Tuesday, August 18, 2009

Running a Relay

Many months ago, I read an interesting post that compared methods of story telling to relays and marathons. The idea stuck with me.

In relay storytelling, the inciting incident begins a cascade of conflicts that move one after another, passing the tension of the story like relay runners passing a baton. For example, say, in romance, a twenty something young woman working as a waitress learns that the father she never met was actually a for hire assassin and that the annoying regular at work with whom she fights every day was her father's protegee, who her father asked to protect her. When she learns the truth, she quits her job and plans to move to escape the annoying man who claims she's now the target of a Colombian drug lord. She is attacked by the dug lord's henchmen but saved by the regular. She agrees to help the regular, who tells her that her father is the drug lord's hostage. As the story progresses, the drug lord continues to hunt her and she must go under cover with the man and pose as his wife, which allows the romance to blossom, whilst they attempt to rescue her father.

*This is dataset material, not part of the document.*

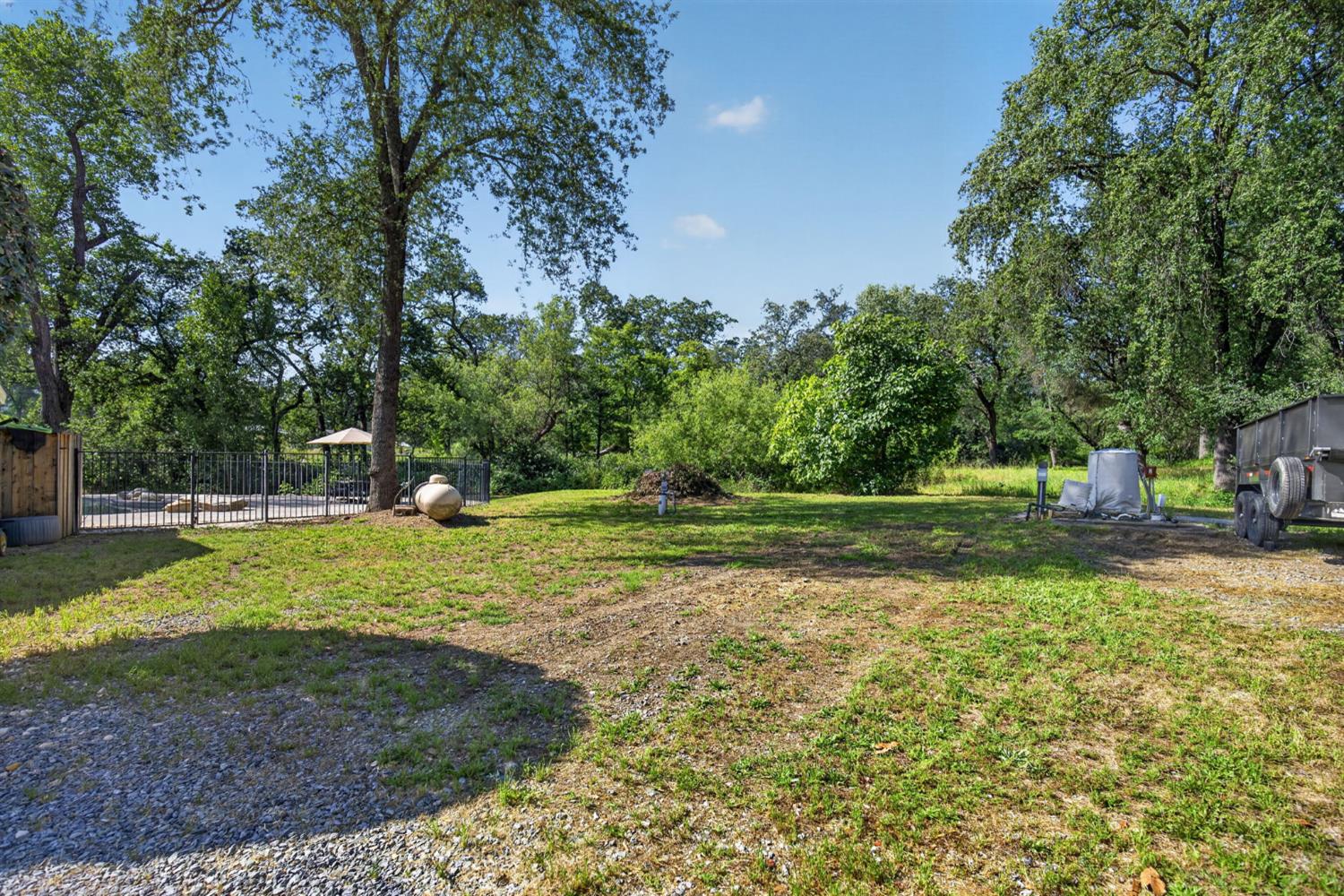 6417 Colwell Road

In marathon story telling, the inciting incident commences a long, hard struggle towards a single goal. While there may be twists and turns along the way, there remains one central conflict. In a thriller, marathon version of the previous story, our young waitress learns that her long absent father is being held hostage in Colombia and that she is now a target of the drug lord holding him. She is forced to team up with the annoying regular from her work, because the main claims he can lead her to her father. The issues of their prior dislike for each other and the fact that they must pretend to be married, in that case, are spice to the original motivations but cannot detract from it.

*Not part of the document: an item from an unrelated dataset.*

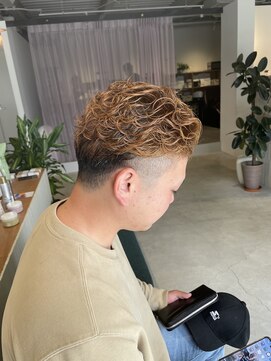 ギネス(Giness) メンズパーマ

Usually, I read marathon style books, and when I first read the post, the idea of relay storytelling was new to me. To my view, most people are more familiar with marathons than with relays. It seemed to me that all of my writing would be marathons.

The Thief Book, however, is relay storytelling. The MC runs away from home into the conflict of unemployment and insolvency, which leads to working as a thief with a group of kids, which, oddly enough,leads to living in a thief den with a famous crook, which thrusts her into problems between said crook and the law. My unfortunate MC finds herself handed from one problem situation to another.

I believe that both methods have their uses. It seems to be that relay method lends itself to the romance genre, as well as literary fiction, among others. Marathon, I believe, is good for epics, thrillers, mysteries, among others. Of course, there are books of both method in all genres, though I am sure that some stories are better lent to one method or the other.

One interesting thing I noted from my Alpha reader's reaction (she must be very familiar with the marathon style) is that, since she did not anticipate relaying, my Alpha assumed the first conflict my MC faced would be the central conflict, instead of first in the line of many. The perception of how the story would be told effected her perception of what the story was.

Which method of storytelling do you use? Which do you prefer? Do you think there are other types of storytelling?